With an airport already sited in Asaba, barely one hour from the furthest parts of Anambra State, with an estimated distance of 12 km to Oba, 8 km to Ogbaru, and 18 km to Umuleri, analysts are asking what purpose another airport in Anambra State would serve. The geographical location of the Asaba airport implies that 80 percent of the passengers arriving there would be South-East bound. This means that an airport in Asaba would almost play the same transportation role for Anambra State citizens as the Oba airport would have played. With this development, Delta State is has obviously positioned itself to competently take the advantage of the commercial and industrial cities of Onitsha and Nnewi which Anambra had long neglected.
Meanwhile, traders at Onitsha and Nnewi have been reacting to the news of the relocation of the airport to Umuleri, which they said is too inside the hinterland and therefore largely inaccessible to them. Many of the traders who spoke to us said that the relocation of the airport would go down in history as the greatest blunder of the Obi administration, maintaining that the airport at Asaba would serve them far much better than an Anambra Airport in the heart of an evil forest.

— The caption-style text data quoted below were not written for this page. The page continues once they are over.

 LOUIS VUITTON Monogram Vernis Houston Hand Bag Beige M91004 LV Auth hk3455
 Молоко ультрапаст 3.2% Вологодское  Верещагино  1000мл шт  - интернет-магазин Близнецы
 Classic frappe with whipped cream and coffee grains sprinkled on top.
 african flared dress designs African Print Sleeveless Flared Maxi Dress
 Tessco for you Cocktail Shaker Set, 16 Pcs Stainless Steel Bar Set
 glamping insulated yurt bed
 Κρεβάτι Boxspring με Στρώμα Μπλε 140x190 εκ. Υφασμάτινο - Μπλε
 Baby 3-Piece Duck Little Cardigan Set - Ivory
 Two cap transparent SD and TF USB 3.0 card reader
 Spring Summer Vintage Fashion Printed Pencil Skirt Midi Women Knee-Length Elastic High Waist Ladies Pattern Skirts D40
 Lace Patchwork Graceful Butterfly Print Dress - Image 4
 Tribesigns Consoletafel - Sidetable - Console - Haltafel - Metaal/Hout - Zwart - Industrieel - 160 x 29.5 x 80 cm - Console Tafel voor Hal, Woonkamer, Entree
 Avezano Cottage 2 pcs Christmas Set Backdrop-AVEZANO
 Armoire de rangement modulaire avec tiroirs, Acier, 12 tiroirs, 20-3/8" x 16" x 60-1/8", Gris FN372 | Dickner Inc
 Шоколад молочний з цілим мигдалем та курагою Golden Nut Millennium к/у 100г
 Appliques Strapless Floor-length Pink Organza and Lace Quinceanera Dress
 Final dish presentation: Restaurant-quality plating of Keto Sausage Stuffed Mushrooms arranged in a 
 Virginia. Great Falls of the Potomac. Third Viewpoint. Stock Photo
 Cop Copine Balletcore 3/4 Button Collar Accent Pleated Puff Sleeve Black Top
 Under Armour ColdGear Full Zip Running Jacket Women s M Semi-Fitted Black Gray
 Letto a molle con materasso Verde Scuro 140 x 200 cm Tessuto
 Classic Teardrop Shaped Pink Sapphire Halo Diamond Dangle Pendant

“How will I leave Asaba and land in a remote hinterland like Umuleri, which is far removed from the express road, and then from there begin to wriggle my way to Onitsha? Except of course they are not building it for the people,” one respondent said.
Another respondent, Mr Chibuike Ogbuji, said, “If Obi insists on building the airport in Umuleri, then it will be clear to us that the airport is not meant for us. Unless he is building the airport for himself alone. Why did he abandon Oba in the first place?”
For some Anambrarians, however, the location does not make any difference, so long as the state has its own airport. “Our own is our own,” Chief Donatus Ifedi said. “We need our own airport in Anambra, no matter where it is located, so that we can be like others. They should stop playing dirty politics with an important project like an airport.”
On his part, Mr Tony Okoro, an Awka-based businessman, said that siting the airport in Umuleri is economically viable as it will bring development to Umuleri and other communities in Anambra East, which are easily the most backward and underdeveloped parts of Anambra State. He also pointed out that it was a great disservice that Anambra State, which has produced great figures in politics, business, ICT, literature, and other fields of endeavour, is yet to have an airport.
Whatever be the case, we are only worried that the Anambra Airport project has taken too long in materialising. How come an airport that was conceived over thirty years ago is yet to see the light of the day when planes are already taking off and landing on ones conceived just few years ago? If the Obi administration is sincere with the project, then it is not showing it. Moreover, the situation on ground seems to lend credence to the speculations of dirty politicking, given the controversies that have so far trailed the project, especially since the Obi administration.